The following is an opinion piece and does not necessarily reflect the views of the editorial board.
And … he strikes again.
If you guessed that “he” refers to President Donald Trump, you are not only correct, but also are aware of all the infamous judgements that have come from one of the world’s most influential leaders.
Trump expressed his disdain against developing nations at an immigration meeting, as reported by the Washington Post. This specific insult came up when lawmakers were discussing the possibility of offering protections to immigrants from Haiti, El Salvador and some African countries. Trump had already announced a few days earlier that he would end the program known as Temporary Protected Status that had been allowing Salvadorians to work in the U.S. since 2001, which would lead to the deportation of nearly 200,000 Salvadorians. To add fuel to the fire, he blurted out the question: “Why are we having all these people from shithole countries come here?” While Trump’s impetuous remarks no longer come as a surprise to the vast majority of Americans and the international community alike, this does not mean that any of his degrading comments are any less offensive and should be overlooked. Invoking the bottom of toilets to describe developing countries across the globe is arguably one of his most insulting and derogatory comments to this day.
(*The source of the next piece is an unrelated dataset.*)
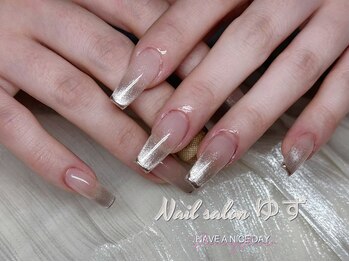 ゆず/チップマグネットネイル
Coming from someone with such authority and influence, the use of the word “shithole” in public is unprofessional. And yet what is more worrisome is that Trump’s audience now has a misrepresentative image of what developing countries across the world look like. Before judging these lower- and middle-income countries, Trump should bear in mind that many of these nations have been exploited for their natural resources in the past and left in worsened conditions because developed countries, including the U.S., have used them to their favor. While it is not fair to blame the underdevelopment of countries on this factor alone, European colonialism and American imperialism have certainly aggravated the situation.
As someone that comes from Colombia, a developing nation, his remarks not only disrespect my nation, but are also very untrue. My country, like many others that find themselves in a similar situation, has had to deal with long periods of violence and economic hardships and nonetheless continues to strive forward to reinvent itself. Colombia just signed a peace treaty in 2016 to end a 50-year-long armed conflict between the government and the main guerrilla group, FARC.
Although it is a country that still has to endure difficult socioeconomic and political barriers, its value should not be downgraded by one careless comment that was heard by millions of families across the world.
And this is just the story of one of the many countries that are currently, in one way or another, insulted by Trump’s bigotry. If only the positive things accomplished by all these countries could receive equal media coverage, the perceptions of many citizens would be one of hope and optimism rather than that of hate and hostility that has now taken flight.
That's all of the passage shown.